In turn these Values are stored in multimap "Patterns", which may be gathered in a "Font Set". These also needed converters between the C types & Haskell equivalents (note: there's a heisenbug in the fontset decoder, when I remove certain debugging statements the bug I was attempting to squash segfaults; help is appreciated!). Only once I've got converters for all these types could I language-bind the functions I wished to use! I littered these bindings with calls to convert FontConfig's rare errors to exceptions.

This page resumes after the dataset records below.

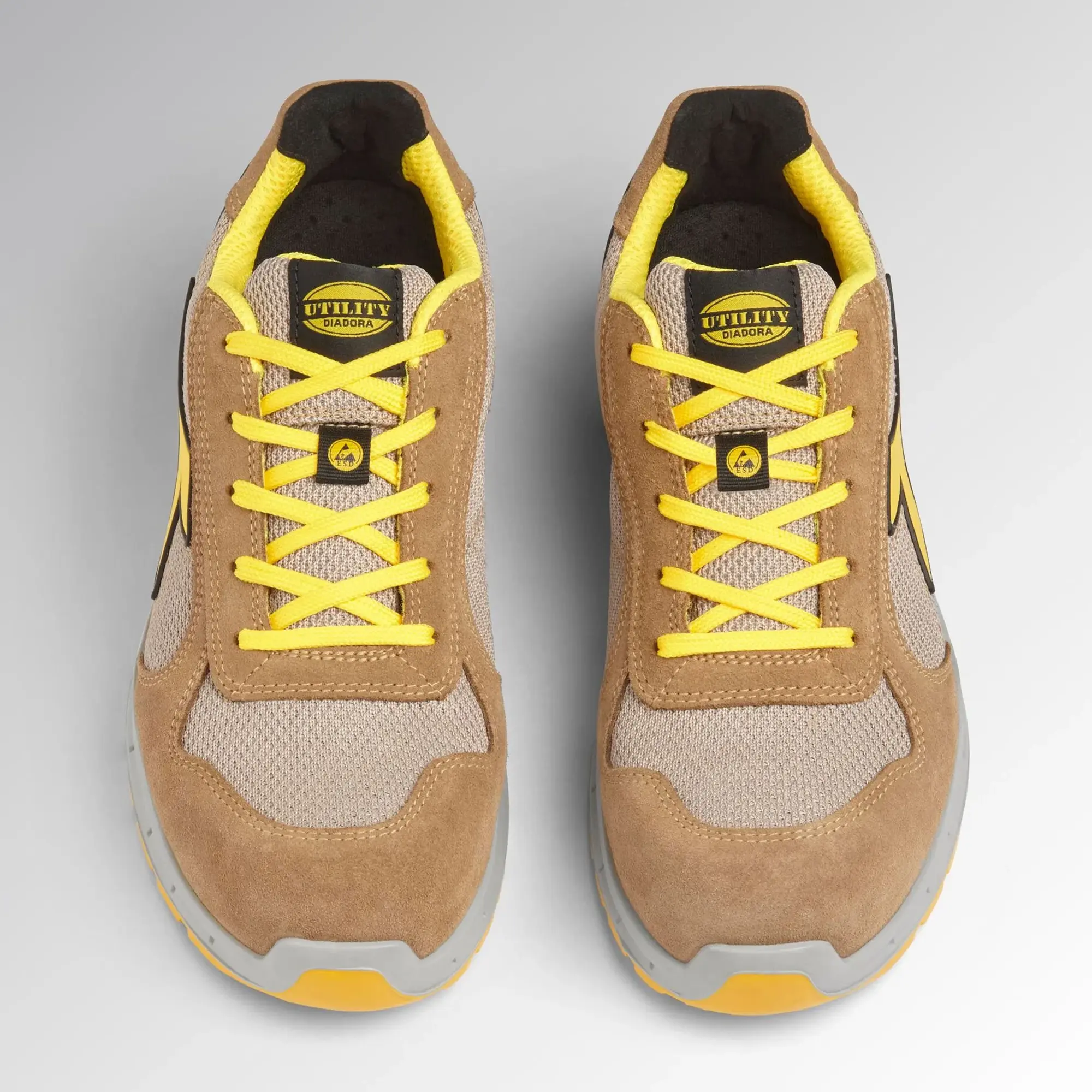 Scarpa Antinfortunistica Diadora Run A.Box Lox S1PS Moon Rock - Image 2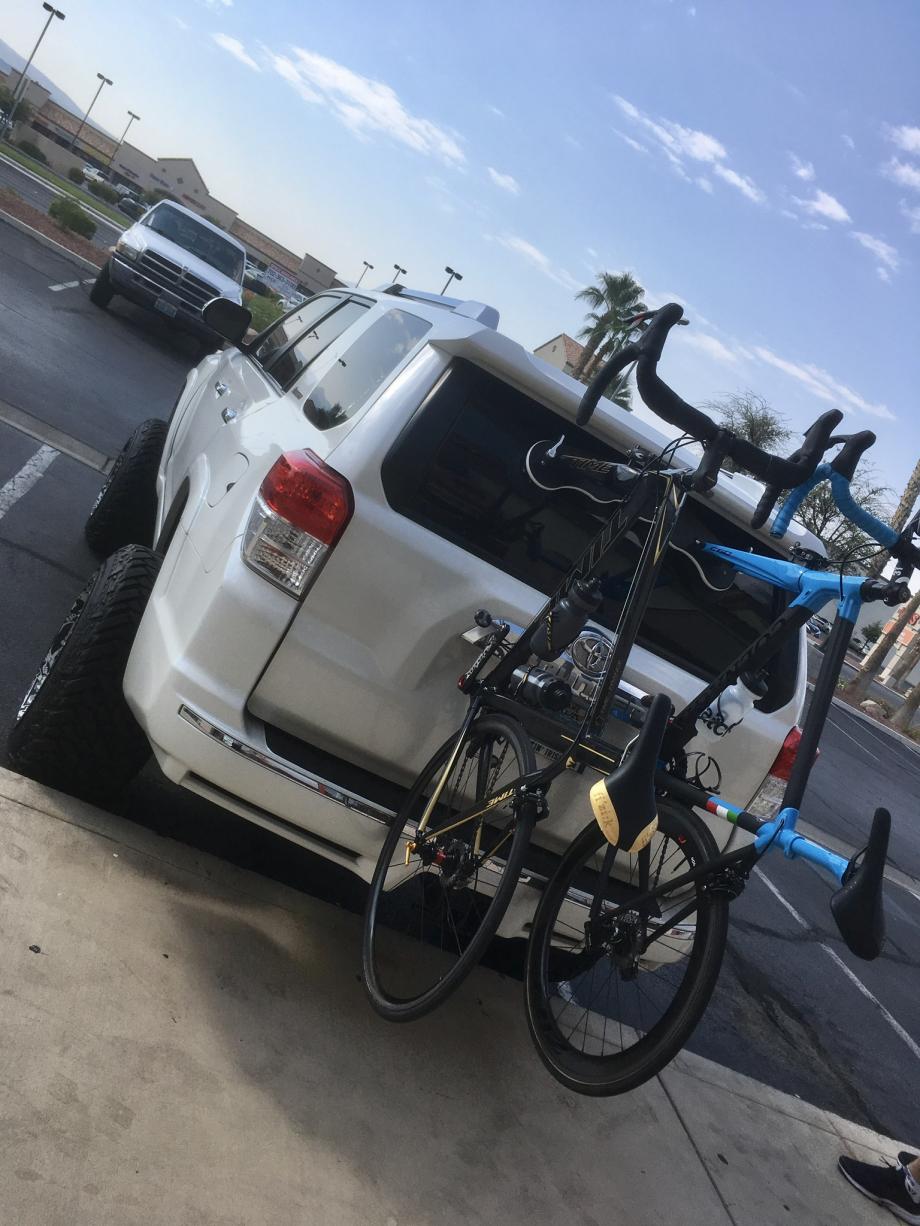 Hitch mounted bike rack...-a574d57d-a96a-43ba-817b-b0a05673f220-jpg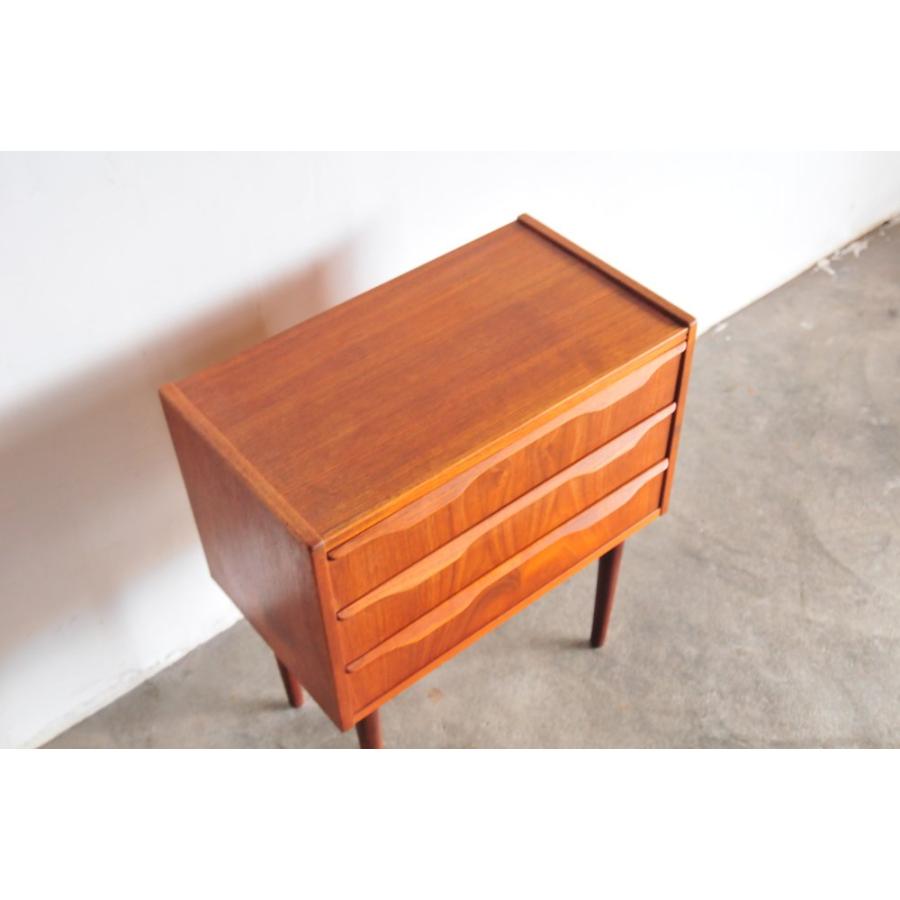 Teak small chest 北欧家具 ビンテージ アンティーク チェスト デンマークの画像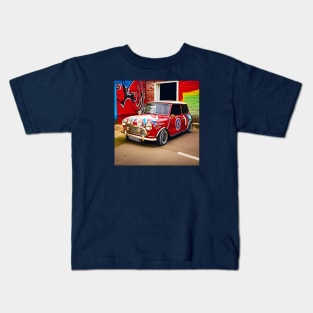 Mini in Alley Kids T-Shirt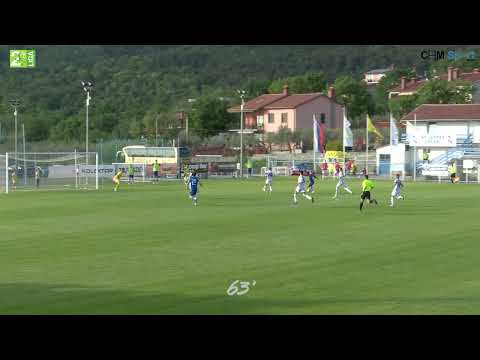 HIGHLIGHTS - 2.SNL; Jadran Dekani : Nafta 1903 (1:3) 28.krog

Furthermore in these FontConfig language bindings I added a bridge from my own Haskell Stylist and bridge to both Harfbuzz (Unfortunate dependency conflict between a CSS lexer & my Harfbuzz language bindings upon the Text datastructure) & FontConfig (based on FcFT's code).

#"Typograffiti" & FreeType

It wasn't until I hooked these language-bindings up to a text-renderer that I could actually see that they were working! Not that I wasn't testing before-hand, but I had to guess that the output they were giving me looked reasonable. As such I'm surprised they worked pretty much unmodified!

Typograffiti is a pre-existing optimized text renderer built on FreeType & OpenGL. I attempted to contribute retrofits to Typograffiti a while back to support a broader range of written languages via Harfbuzz. Now I reimplemented it's foundations to do so, and more-or-less resurrected the old highlevel optimizations & API upon it. Exposing new font-specific text-formatting options offered by Harfbuzz, though a newer version of Harfbuzz was required to transfer some of this data to FreeType without incurring segfaults.

I made sure those new text-formatting APIs were convenient to use, though honestly I haven't tested them. Help would be appreciated there! As for figuring to align glyph baselines so they look less ugly. And I might have found a GHC bug when testing FontConfig alongside SDL, OpenGL, & FreeType...

Typograffiti uses machine-generated OpenGL (with its own minor abstractions) & FreeType language bindings. I didn't feel a need to write more Haskelly language-bindings here, since I was using them for I/O where Haskell's relatively weak.

#Conclusion

I strived to make these language binding's APIs feel like normal modules implemented entirely in Haskell, whilst being recognizable to developers who used the C APIs. I strived to make it safe to call these widely-used font libraries from pure-functional Haskell code. I am glad to see LibICU has already gotten similar treatment.

There's still issues that can be addressed, which I mentiond above, though seemingly not in the Harfbuzz bindings. Contributions are welcome!

But now me & Jaro can get on to enjoying writing pure-functional Haskell, benefitting from all the internationalization which has gone into these excellent libraries!